From the institutional choice perspective, this is a much too narrow definition. It is too narrow because it excludes the interrelations of these measures with other determinants of labor market dynamics and it does not properly account for the reasons for their evolution.
We define labor market policy in a broader sense than usual. We distinguish four basic forms:
1. Individual and collective agreements on wages, working time, and other working conditions. For any institutional analysis, it is important to distinguish between implicit and explicit contracts.
2. Regulation by laws setting standards, norms, and procedures for employment contracting. Labor market policy examples are employment protection regulation, legal quality standards to enter a vocational profession, and collective bargaining laws.
3. Redistribution by taxing wage income or by compensating lack of wage income by transfer payments.

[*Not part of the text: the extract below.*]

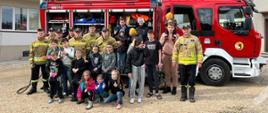 Grupowe zdjęcie wychowanków zakładu opiekuńczo-leczniczego wraz ze strażakami na tle samochodu bojowego Centralnej Szkoły PSP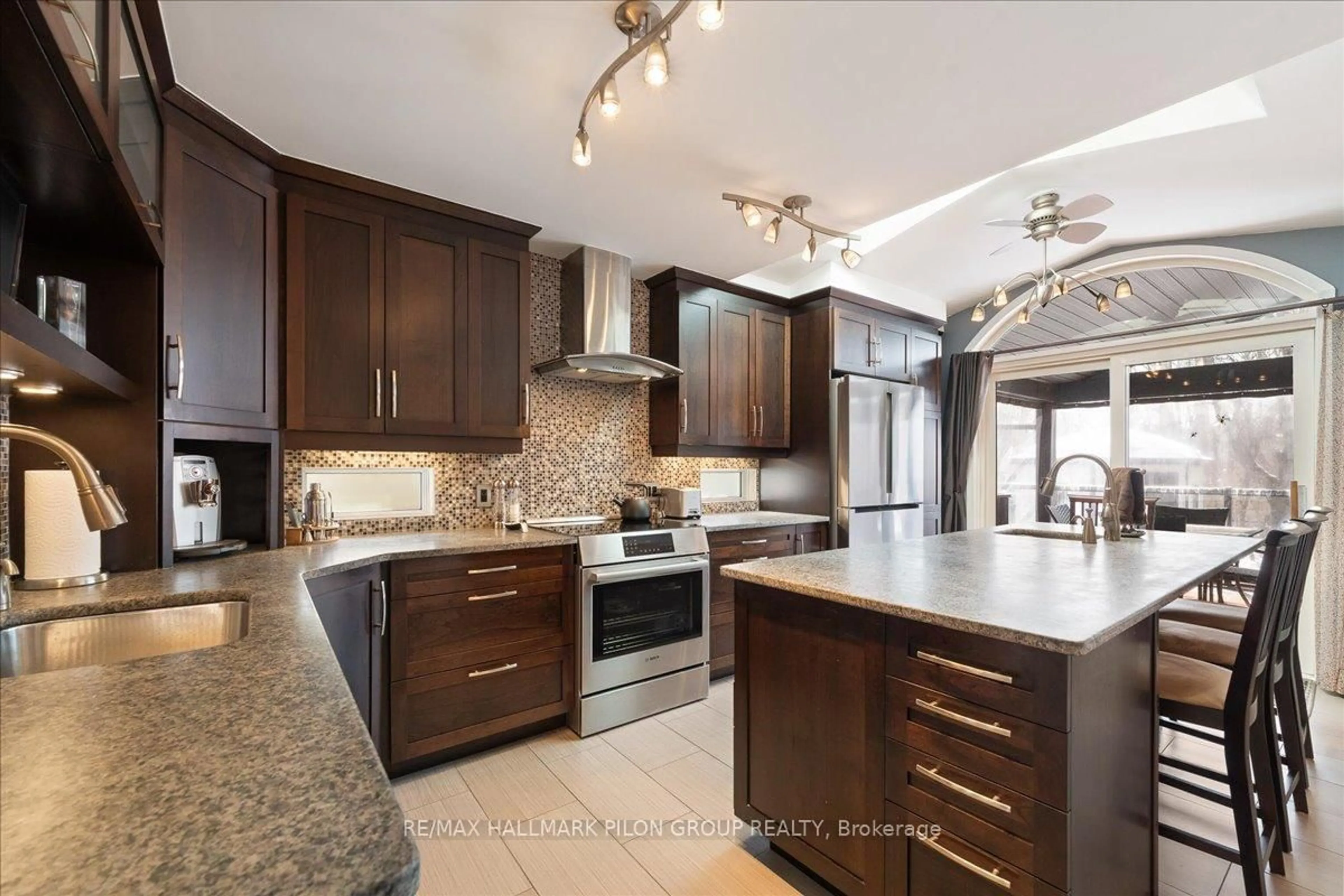 Open concept kitchen, ceramic/tile floor for 1085 Ambercrest St, Ottawa Ontario K1J 1G3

The most prominent example of this type of redistributive labor market policy is unemployment insurance. However, the impact of taxes and other forms of social security on the demand and supply of labor should not be neglected. Wage subsidies also belong in this category.
4. Public services and public investment. The state itself can play a role as employer or entrepreneur in the areas of public goods, merit goods, and mixed goods. The most prominent public services for labor markets are placement services and labor market information or counseling. Temporary public job creation and education and training are typical forms of public investments. They may be complementary or competitive with private investments. As far as these forms of public intervention are aimed at preventing or fighting unemployment, they are subsumed under the heading of active labor market policy.
Institutional Equivalents of Flexible Coordination
Can we now find some general principles which distinguish "good" institutional incentives from "bad" incentives with respect to unemployment prevention? There do appear to be at least three principles.
The first principle is derived from general systems theory. From this point of view, institutional choice has to follow the cybernetic principle of "requisite variety."(1) In other words, labor market institutions and policy interventions have to reflect the amount and nature of variety in their environment. For labor markets, the relevant environments are the product and capital markets and the sociocultural subsystem. With respect to the latter, in liberal and social democracies, this means that flexibility underlies "civilized constraints" such as free choice of profession, free spatial mobility, social security in terms of a continuous and decent income stream, and certain values and feelings about social justice. The importance of this principle of "bounded requisite variety" by civilized constraints has been pointed out by the game theorist Oskar Morgenstern:
The history of mankind manifests frequent changes in the means that society regards as being permissible for solving its problems. For example, one could eliminate unemployment very easily if enslavement of the unemployed, simply shooting them, confining them to a labor camp, or drafting them into military service were regarded as being suitable methods. On the other hand, in the present state of economic theory it is almost impossible to employ the unemployed. Neither a temporary reduction in wages nor an allocation of workers to industries or to other geographic districts is permissible. There may possibly be solutions given these constraints, but clearly the situation is fundamentally more complicated and only distantly resembles the "purely theoretical" situation in which wage reductions and labor mobility are unrestrictedly permissible (Morgenstern, 1966, p. 18).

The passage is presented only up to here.